Mortgage blog: Record low rates see the biggest jump in lending since the housing boom
Official figures from the Bank of England have confirmed what many experts have been saying over recent weeks: namely that mortgage rates in the UK have now reached a record low. The average mortgage interest rate in the second quarter of 2013 fell to 3.43% while the average rate for new mortgages tumbled from 3.65% to 3.47%.
And access to cheaper mortgage deals has had a significant effect on the UK's mortgage market with lending in the summer of 2013 having reached its highest level since before the global financial crisis. We analyse the new data and look at whether mortgage rates have reached rock bottom.
Average mortgage rate falls to record low
The latest data from the Bank of England has revealed that the average mortgage interest rate fell to 3.43% in the three months to June, down from 3.47% the previous quarter. This is the lowest figure since the Bank's records began in 2007 but experts believe it is the lowest level ever thanks to the low base rate and the impact of the Funding for Lending scheme.
A spokesman for the Council of Mortgage Lenders said: "Such low rates are keeping costs down for existing borrowers and they are also enabling people to get on the housing ladder more affordably, even though house prices remain high. Interest rates will remain low for the foreseeable future, but both householders and lenders need to stress-test an ability to service higher rates at some point in the future."
The Bank of England figures also revealed that these low rates have resulted in the highest jump in mortgage lending since 2007. The total value of new mortgages advanced between April and June 2013 reached £41.6bn, a rise of 23% on the first quarter and the highest quarterly increase since 2007. The value of first-time buyer loans also rose significantly year up year, reaching £8bn in the second quarter of 2013 - a 31% rise.

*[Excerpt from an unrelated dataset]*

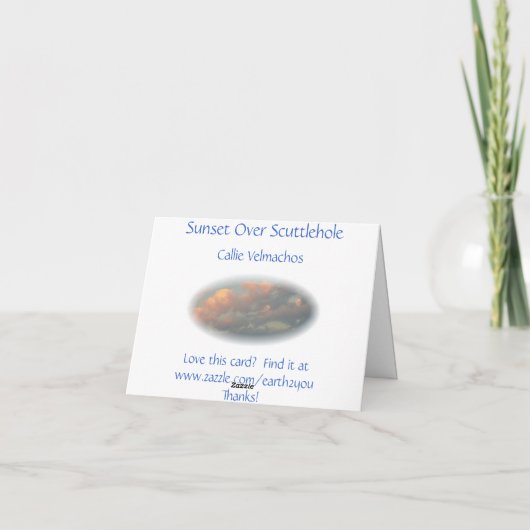 Zonsondergang over Scuttlehole Bedankkaart (Achterkant)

"While it's great news for borrowers that rates have hit a record low, there are signs that deals are at rock bottom," said Keith Osborne, editor of WhatHouse.co.uk. "Even since the Bank of England data was compiled rates have started to creep up and so we may not see mortgage deals at these sorts of levels for very long. If you're thinking of remortgaging or getting a new mortgage now could well be the time to do it. It's very unlikely that deals are going to get any cheaper and so it may well pay to take advantage of the current products sooner rather than later."